:: AIM OF THE TASK ::
Please report, as a bare number, how many lines below include the string "right".

:: SOURCE DATA ::
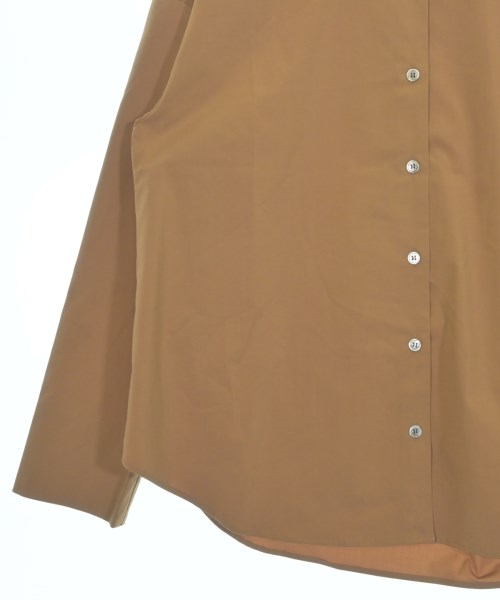 ensuite เสื้อลำลอง
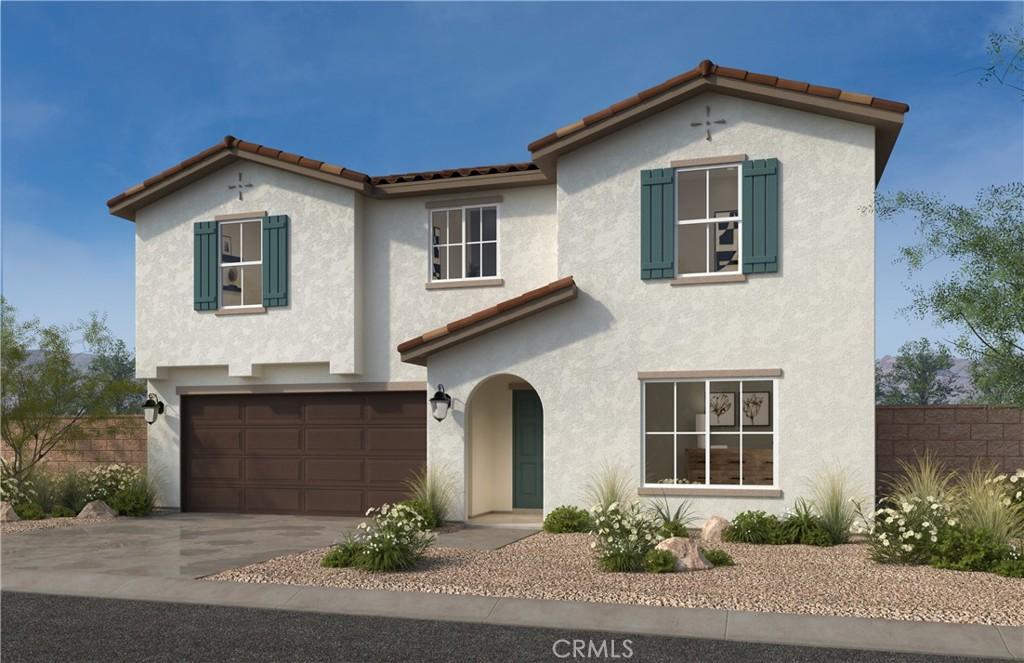 MLS #SW26083852 image #0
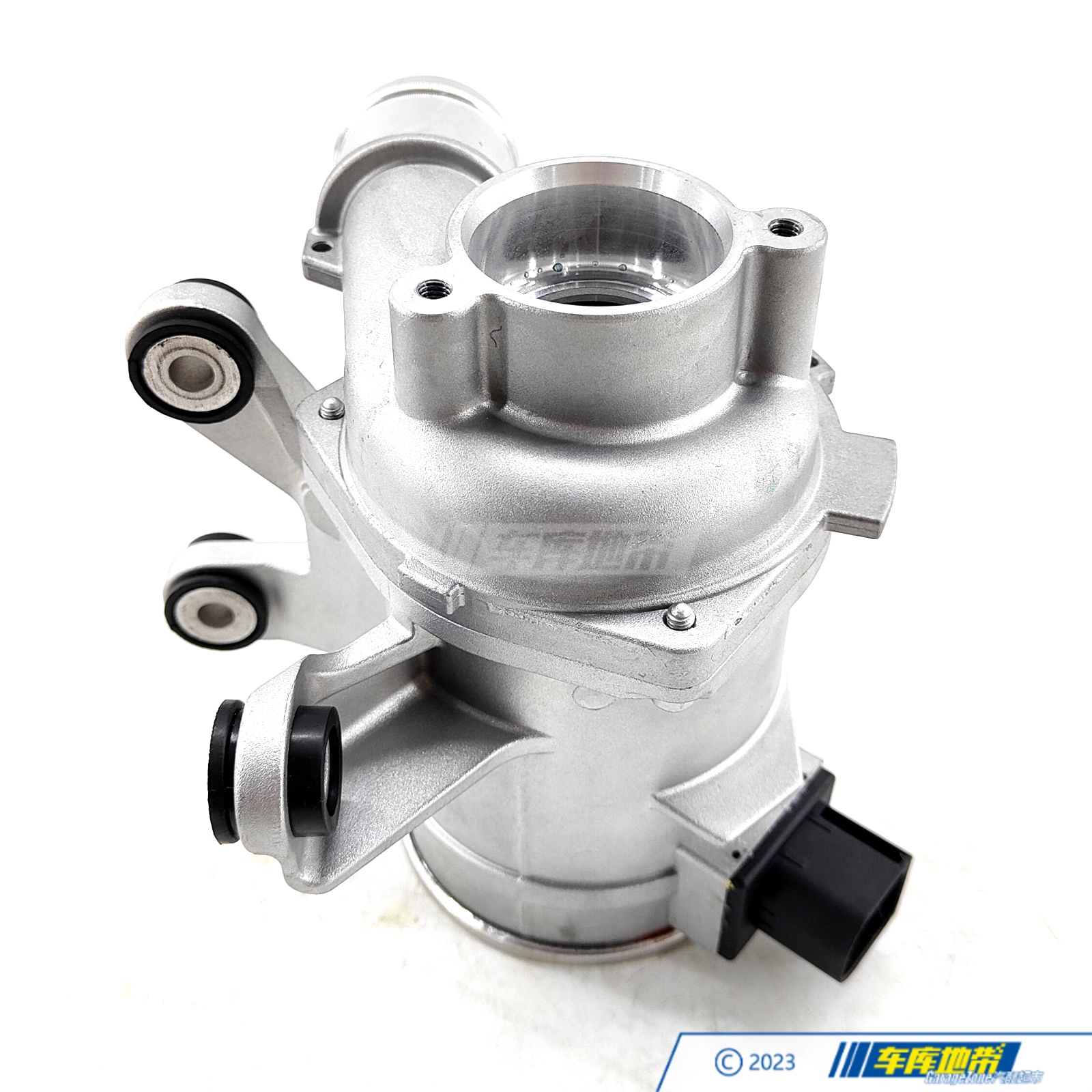 马瑞利2742002700电子水泵适用于奔驰m274/c级c200c260e级glc/v级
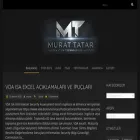 murattatar.net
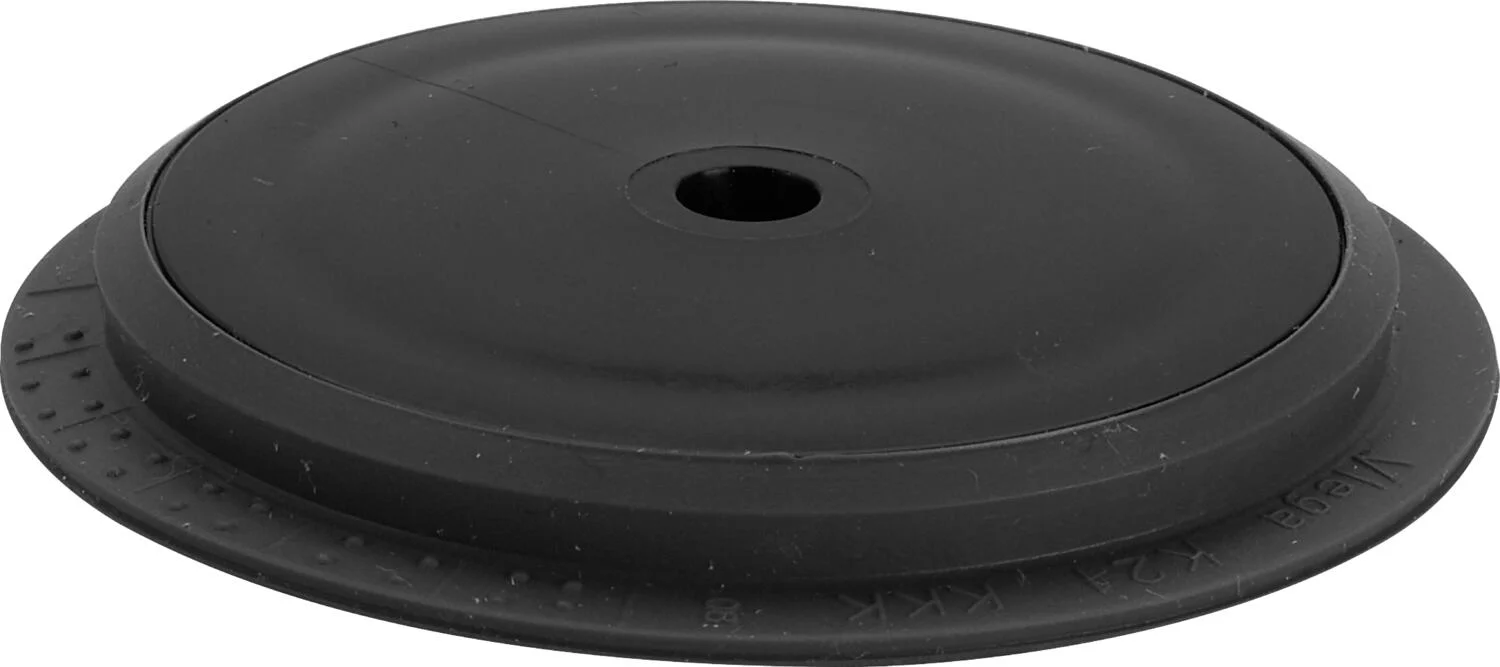 Viega Dichting voor model 97100-93C model 97100 viega 306403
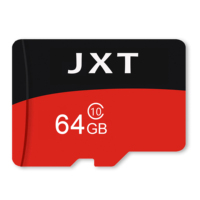 Kartu penyimpanan ponsel untuk kamera, asli 4GB 8GB 16GB 32GB 64GB 128GB 256GB 512GB 1TB Sd TF Flash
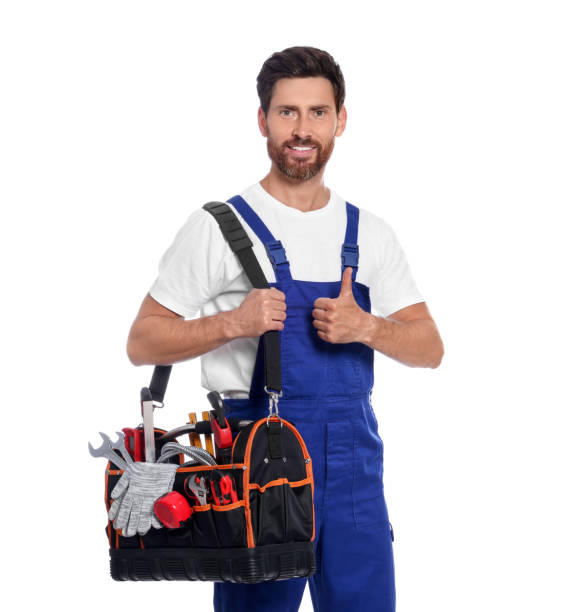 Best Best Plumbers Near Me  in Layhill, MD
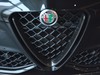 Alfa Romeo Giulia 2.9 v6 520cv quadrifoglio super sport at8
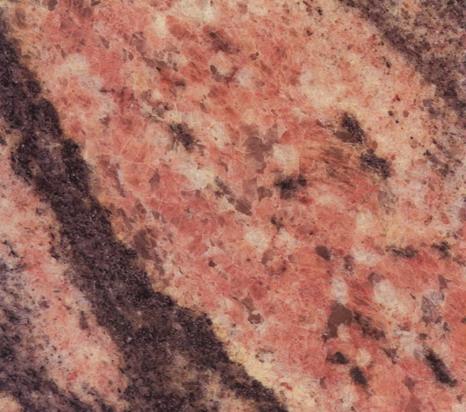 Grey Stripe Pink Grey Stripe Pink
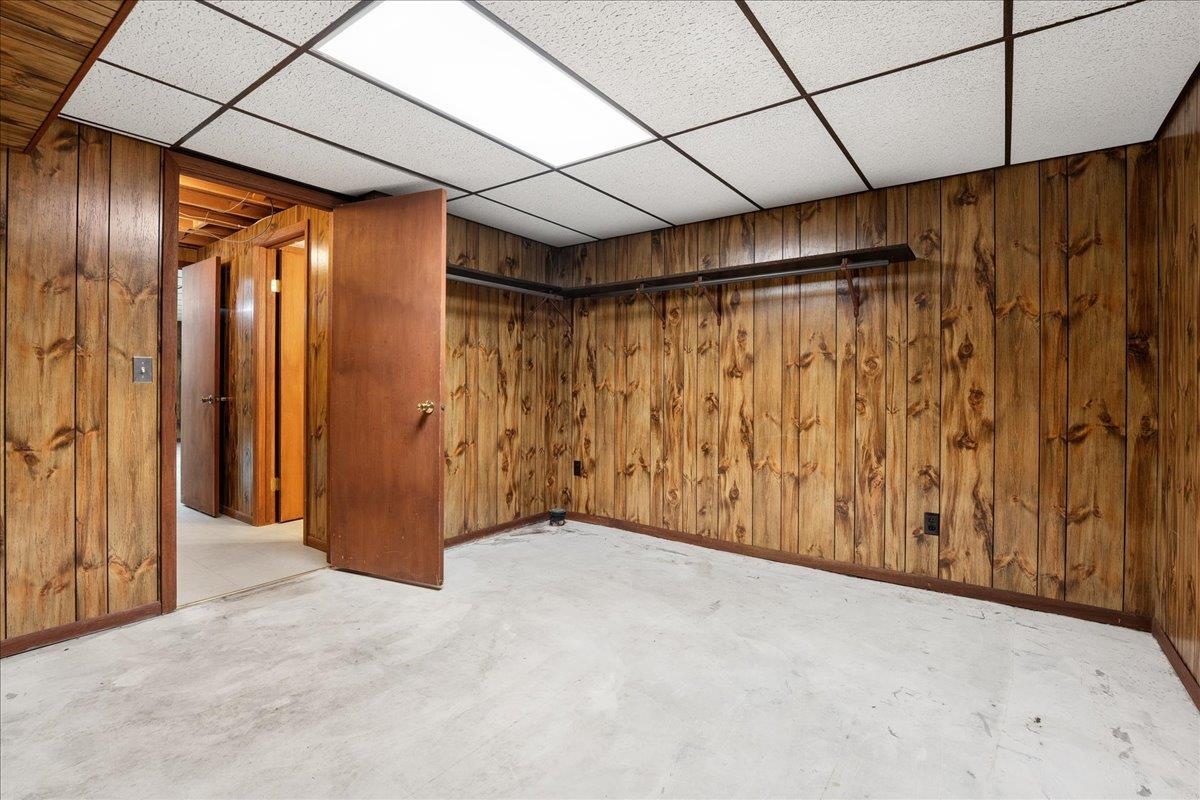 1606 Frisch Road Madison, WI 53711 - Photo 29 of 33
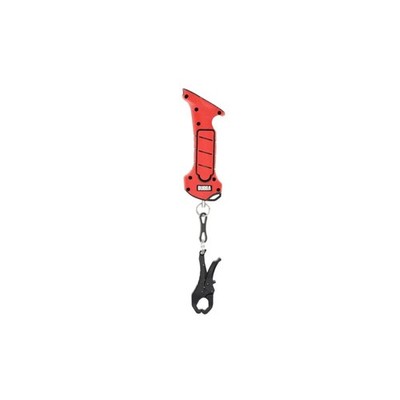 Bubba Smart Fish Scale Lite
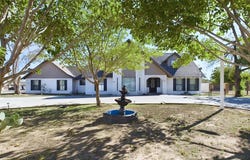#2 Winding Way, Pecos, TX 79772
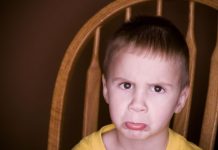 Enseñar habilidades de autocontrol a tu hijo
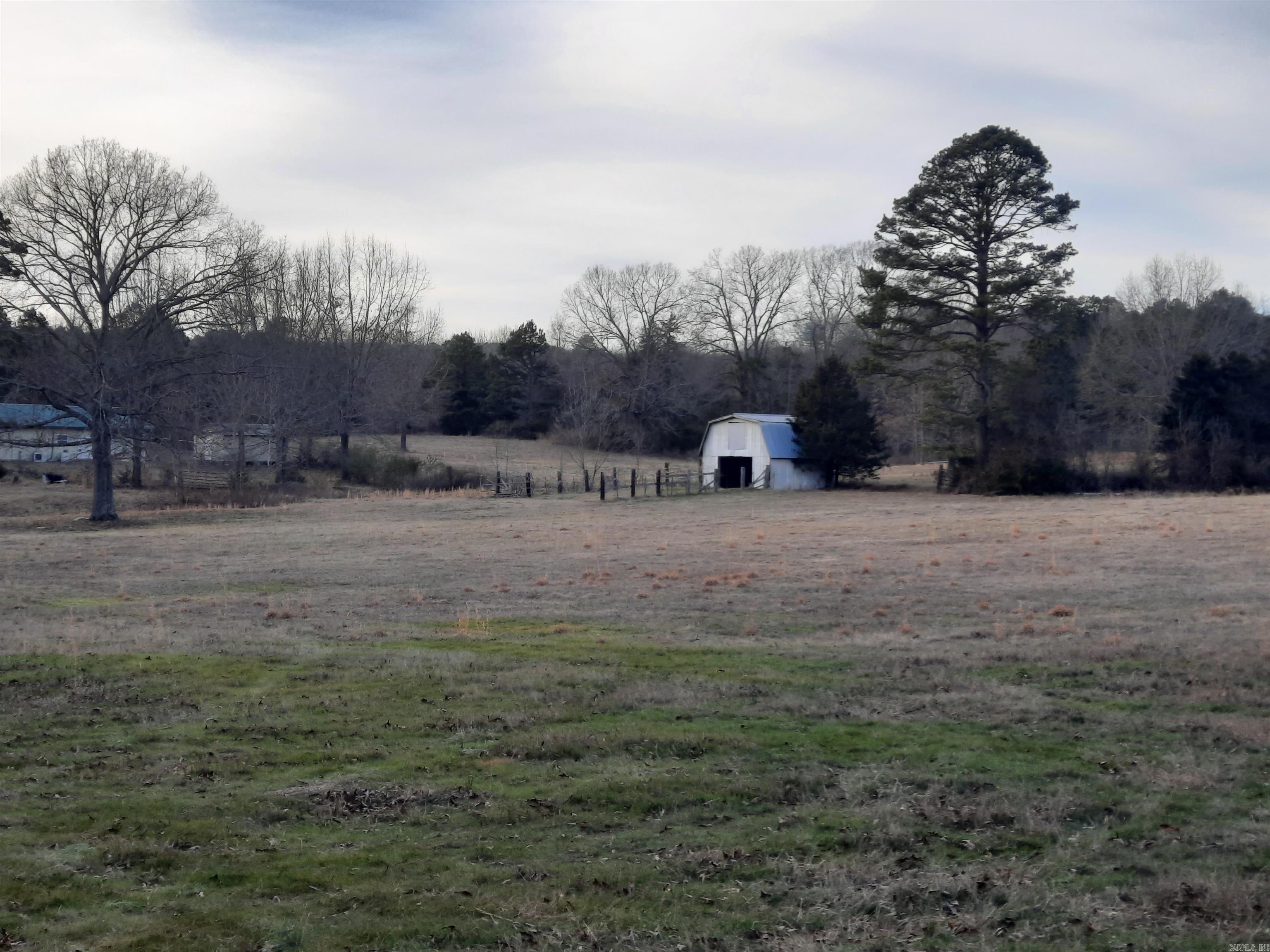544 Rocky Road Property Photo 41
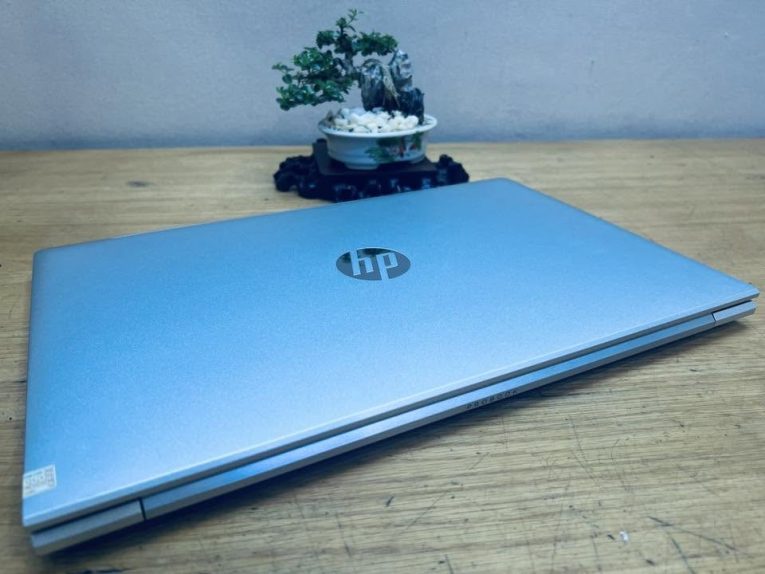 HP ProBook 450 G9
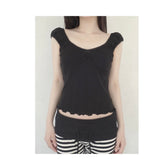 kiko tee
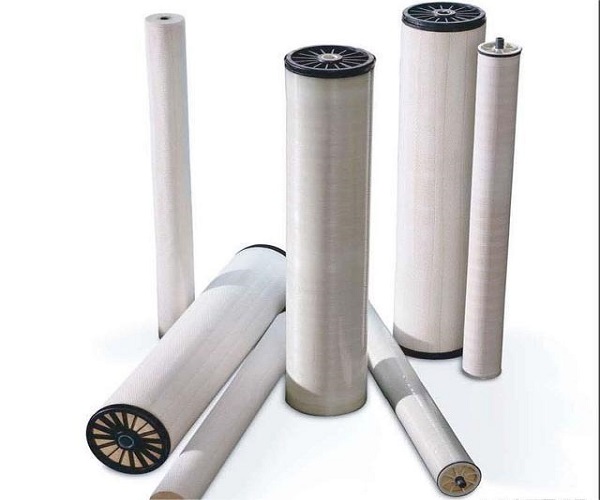 納濾膜一般能使用多長時間-藍膜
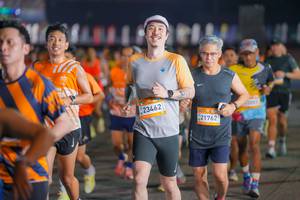 BIB: 23462, 21762, 
                            <button type="button" onclick="openModal(22833874)" class="btn btn-primary btn-sm float-right btn-popup" data-toggle="modal" data-target=".modal-high-quality">
                        <i class="fas fa-shopping-cart"></i> Add to Cart
                    </button>
                                            <button type="button" onclick="isThisMe(22833874, true)" class="btn btn-success btn-sm float-right btn-popup btn-isme hidden" data-toggle="tooltip" data-placement="bottom" title="นี่คือรูปของคุณใช่ไหม คลิกที่นี่เพื่อเอาเข้าอัลบั้ม">
                        <i class="fas fa-plus"></i> Add to album
                    </button>
                    <button type="button" onclick="isThisMe(22833874, false)" class="btn btn-warning btn-sm float-right btn-popup btn-isnotme hidden">
                        <i class="fas fa-ban"></i> Remove from album
                    </button>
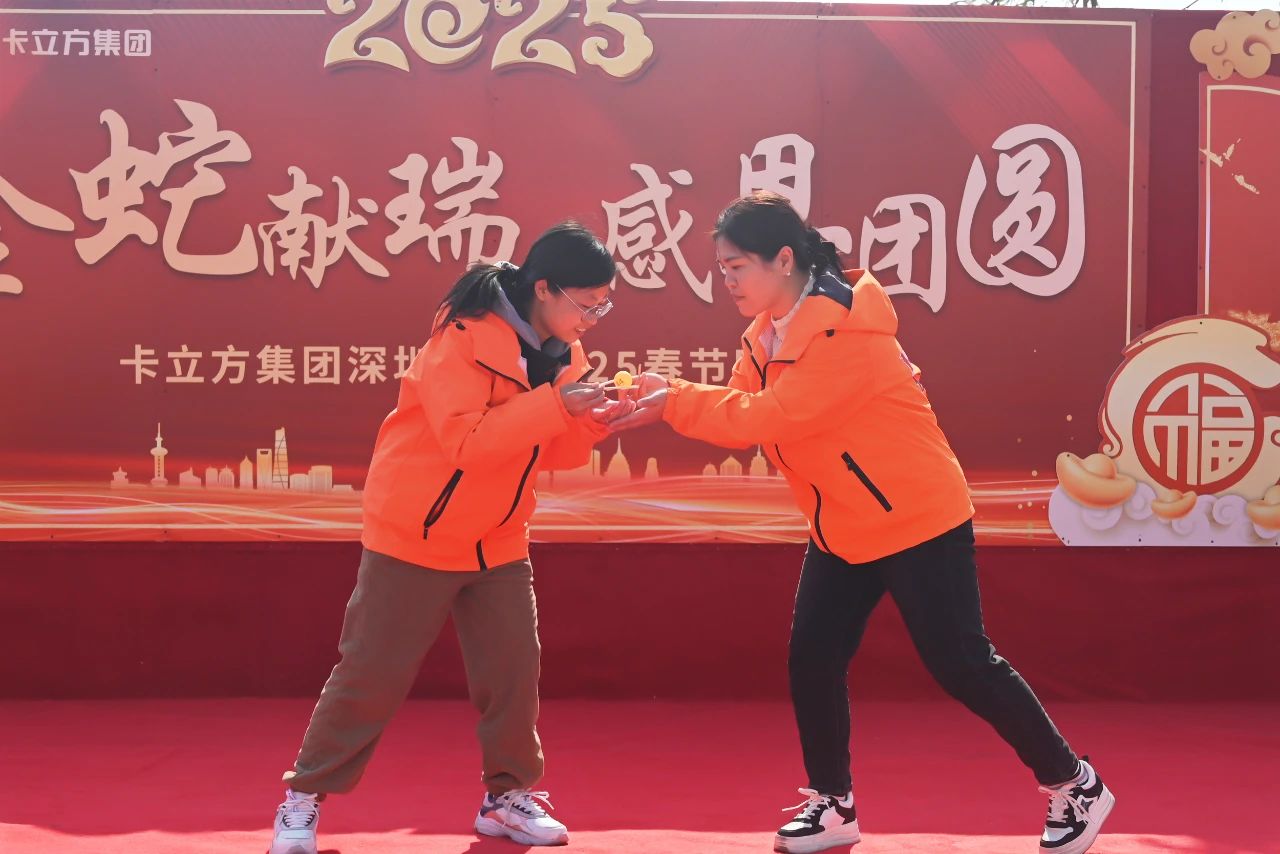 ΢��ͼƬ_20250227110800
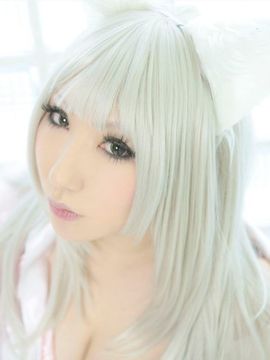 猫 akumonogatari_180
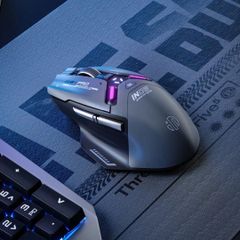 Chuột Gaming INPHIC IN09 PRO 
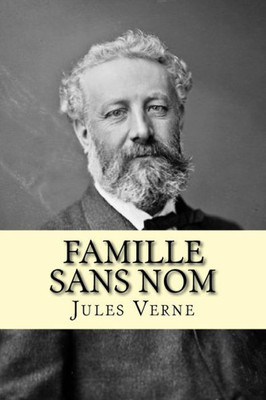 Famille Sans Nom (French Edition)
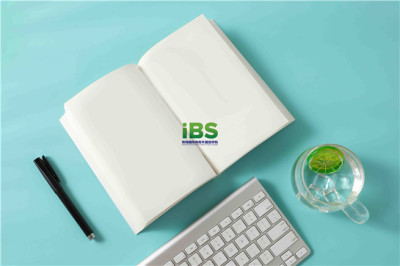 预览图_千图网_编号35390163.jpg 预览图_千图网_编号35390163.jpg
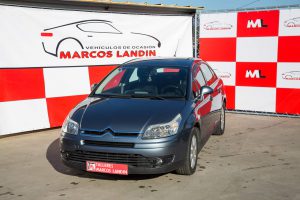 marcos-landin-citroen-c4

:: ANSWER ::
3